- Work task: Without any images, write the listing below out word for word.

- Material provided:
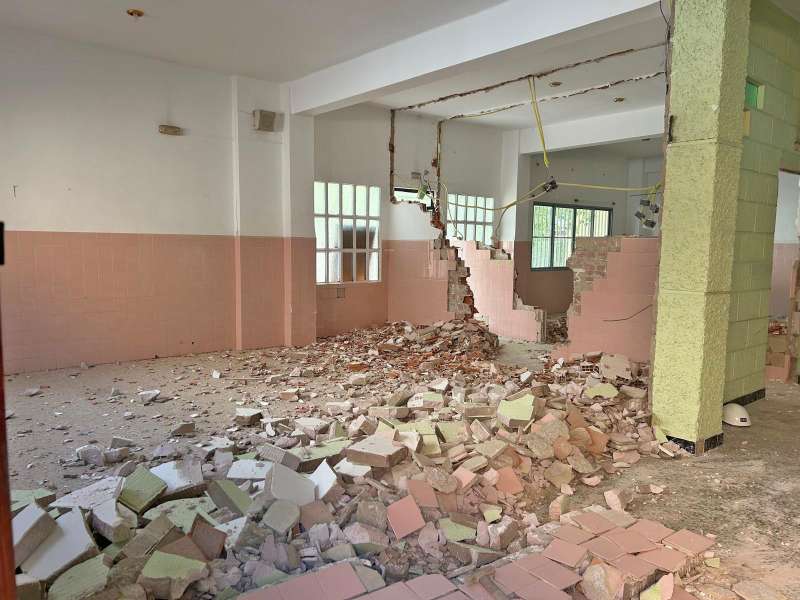 Arrancan las obras para transformar las antiguas Escuelas Sagrada Familia de Benaguasil en un centro de Servicios Sociales. EPDA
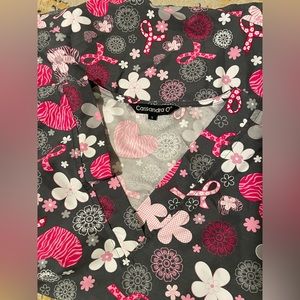 Size small breast cancer awareness scrub top
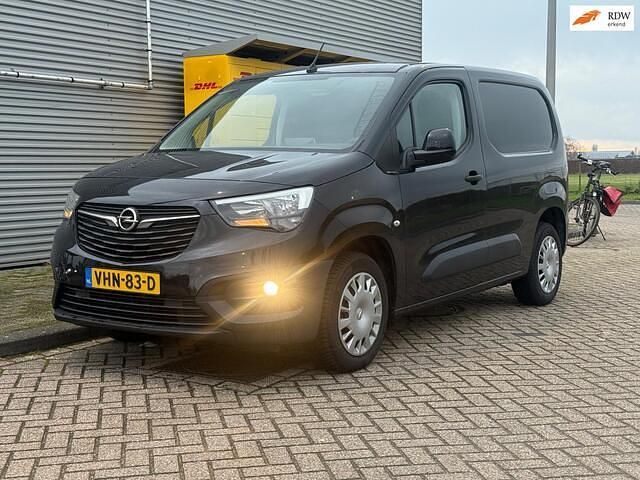 Grijs Occasion 2017 Peugeot 5008 Allure SUV | € 11.750 (Eerlijke prijs) - Afbeelding 1/4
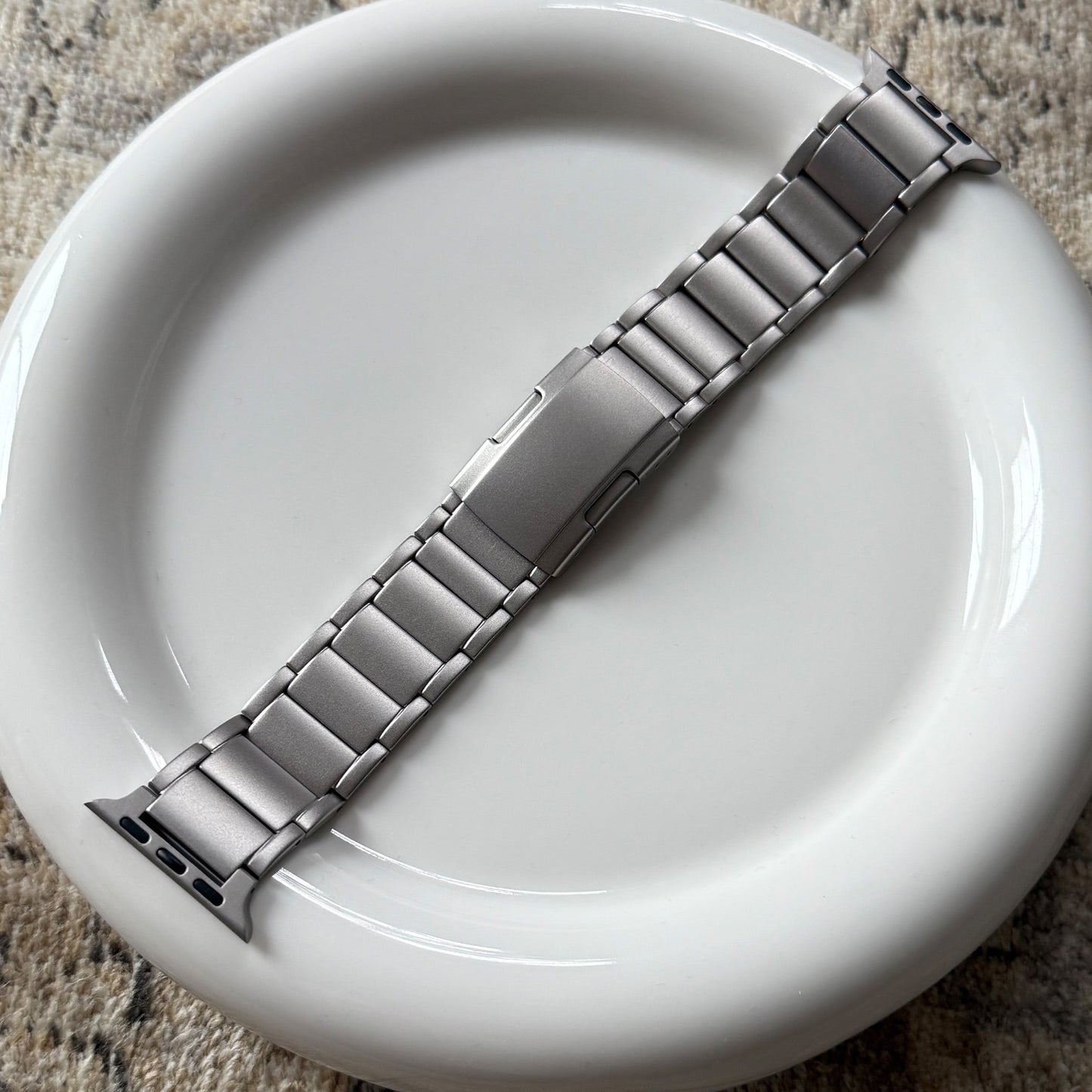 TITANIUM APPLE WATCH BAND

- Solved problem:
 Arrancan las obras para transformar las antiguas Escuelas Sagrada Familia de Benaguasil en un centro de Servicios Sociales. EPDA
 Size small breast cancer awareness scrub top
 Grijs Occasion 2017 Peugeot 5008 Allure SUV | € 11.750 (Eerlijke prijs) - Afbeelding 1/4
 TITANIUM APPLE WATCH BAND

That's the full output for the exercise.